Forum OpenACS Development: search indexing robustness...

Collapse
Posted by Jeff Davis on
search indexing on openacs.org was broken (for several reasons but Dave Bauer fixed most of them). It is fixed now but the last problem was that there were some forums messages where the forums_message row had been deleted but the acs_object had not so the indexing failed (I deleted these and reinserted them when the forums indexes were corrupted so it is my fault...)

That search indexing can die if there are any bugs in any datasource is probably A Bad Thing.

Anyway, I think we should make search_indexer a little more tolerant of bugs in the datasources since right now if any datasource proc errors out, indexing dies and any remaining items go unindexed.

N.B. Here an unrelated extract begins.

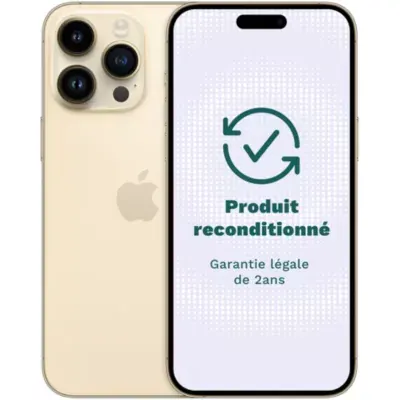 Image du produit précédent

I think we should put a catch around the switch as a big hammer solution and then put some stuff in to notify on stale content in the observer queue (and maybe nuke anything older than some threshold).

For reference here is the indexer code:

ad_proc search_indexer {} {
    @author Neophytos Demetriou and a million monkeys...
} {

    set driver [ad_parameter -package_id [apm_package_id_from_key search] FtsEngineDriver]

    db_foreach search_observer_queue_entry {} {

        switch $event {
            INSERT {
                set object_type [acs_object_type $object_id]
                if {[acs_sc_binding_exists_p FtsContentProvider $object_type]} {
                    array set datasource [acs_sc_call FtsContentProvider datasource [list $object_id] $object_type]
                    search_content_get txt $datasource(content) $datasource(mime) $datasource(storage_type)
                    acs_sc_call FtsEngineDriver index [list $datasource(object_id) $txt $datasource(title) $datasource(keywords)] $driver
                }
                # Remember seeing this object so we can avoid reindexing it later
                set seen($object_id) 1
            }
            DELETE {
                acs_sc_call FtsEngineDriver unindex [list $object_id] $driver
            }
            UPDATE {
                # Don't bother reindexing if we've already inserted/updated this object in this run
                if {![info exists seen($object_id)]} {
                    set object_type [acs_object_type $object_id]
                    if {[acs_sc_binding_exists_p FtsContentProvider $object_type]} {
                        array set datasource [acs_sc_call FtsContentProvider datasource [list $object_id] $object_type]
                        search_content_get txt $datasource(content) $datasource(mime) $datasource(storage_type)
                        acs_sc_call FtsEngineDriver update_index [list $datasource(object_id) $txt $datasource(title) $datasource(keywords)] $driver
                    }
                    # Remember seeing this object so we can avoid reindexing it later
                    set seen($object_id) 1
                }
            }
        }

        db_exec_plsql search_observer_dequeue_entry {}

    }

}